Il settimo episodio di Draw My Life, rubrica dedicata ai ricordi degli attuali calciatori giallorossi, dagli esordi della carriera fino all’approdo nella Roma, ha interessato il portiere giallorosso Morgan De Sanctis. L’estremo difensore, alla sua seconda stagione nella capitale, ha ripercorso la propria storia, le sue sensazioni e i progressi professionali mediante illustrazioni colorate in una video intervista pubblicata sul canale ufficiale di Youtube dell’As Roma. Come di consueto quando ad esser chiamato in causa è il numero uno romanista, non sono mancati ottimi spunti di riflessione. Queste le sue parole:
“Sono nato a Guardiagrele, un paesino nella provincia di Chieti, in Abruzzo, il 26 marzo del 1977. Sin da piccolo mi sono sentito attratto dai guantoni. Ricordo come fosse ieri il primo giorno in cui mi sono messo in porta all’età a 6 anni mi sono messo i guantoni nel campo dei frati a due passi da casa, il centro della porta mi sembrò il centro del mio universo, ero nato lì in fondo. Tra i pali provai subito un senso di serenità e adeguatezza.

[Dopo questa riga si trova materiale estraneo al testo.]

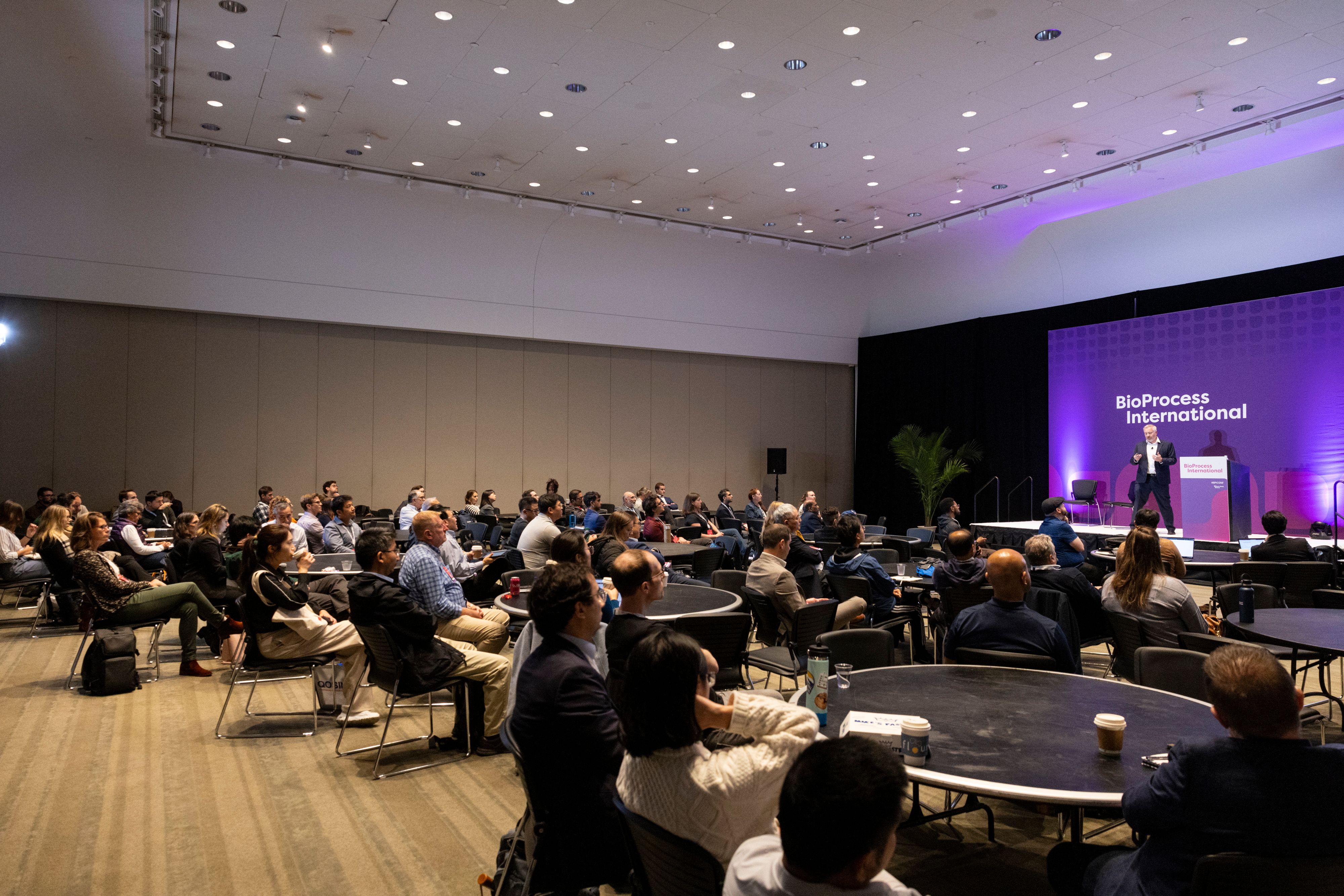 A speaker leads a talk in a room of bioprocessing professionals sat around round tables at BioProcess International (BPI).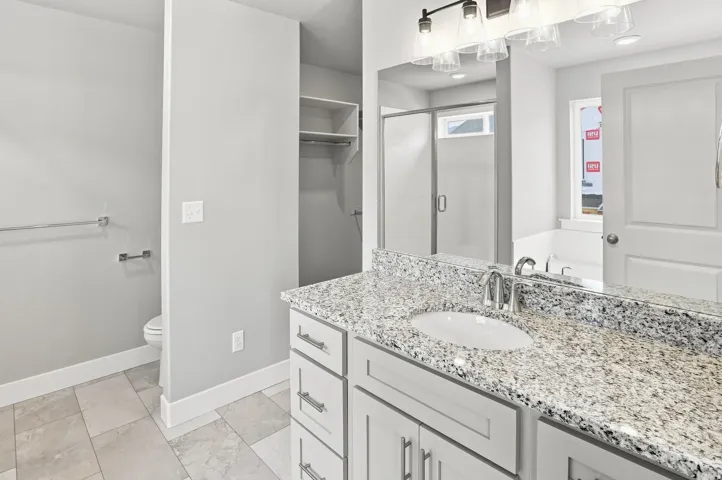Bathroom vanity with a granite countertop, undermount sink, and chrome faucet
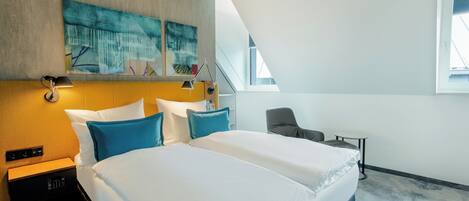 Une chambre d’hôtel avec un lit, des tables de chevet, un bureau, une chaise et une fenêtre.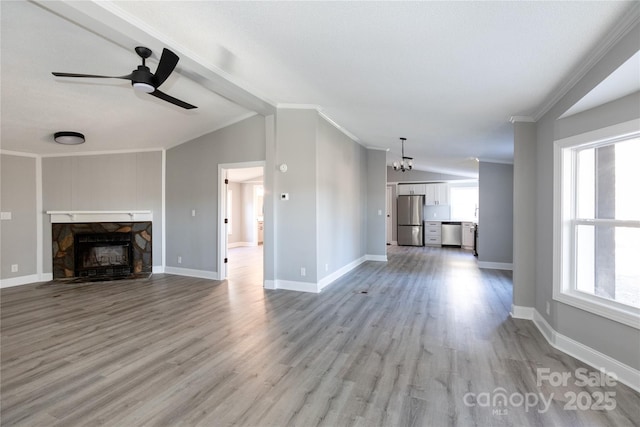 unfurnished living room featuring light hardwood / wood-style floors, a stone fireplace, a wealth of natural light, and lofted ceiling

Il mio percorso è iniziato con il Guardiagrele dove sono rimasto sino a 14 anni, poi mi sono trasferito al Pescara dove ho fatto tutta la trafila del settore giovanile sino ai 17 anni, quando ho esordito in prima squadra.
Quel giorno, sul campo neutro del San Camillo a Mare, mi trovai di fronte il Venezia di Bobo Vieri e il destino volle che parai un rigore al futuro attaccante della Nazionale: piedi a terra e cuore oltre l’ostacolo. La favola cominciava e io già capivo che per alimentare certi sogni non bisognava smarrire l’umiltà.
La mia professione mi ha consentito di viaggiare tanto e accumulare esperienze importanti: dalla Juventus al Napoli, passando per l’Udinese, il Siviglia in Spagna, il Galatasaray in Turchia, in parallelo tutte le giovanili dell’Italia fino alla Nazionale maggiore. Tante maglie per un luogo comune: il cuore dello spogliatoio, dove ho sempre cercato di entrare con rispetto nei confronti dei miei compagni, ricevendone altrettanto.
In molti mi accreditano di essere un leader. Questa strana parola chiama in gioco tante forze. Ricordatevi sempre che un leader non è il più bullo, né quello che detta le regole. Essere leader significa anteporre gli interessi del gruppo ai propri, significa difendere un compagno in difficoltà e, più in generale, la squadra all’esterno quando le cose non vanno come dovrebbero.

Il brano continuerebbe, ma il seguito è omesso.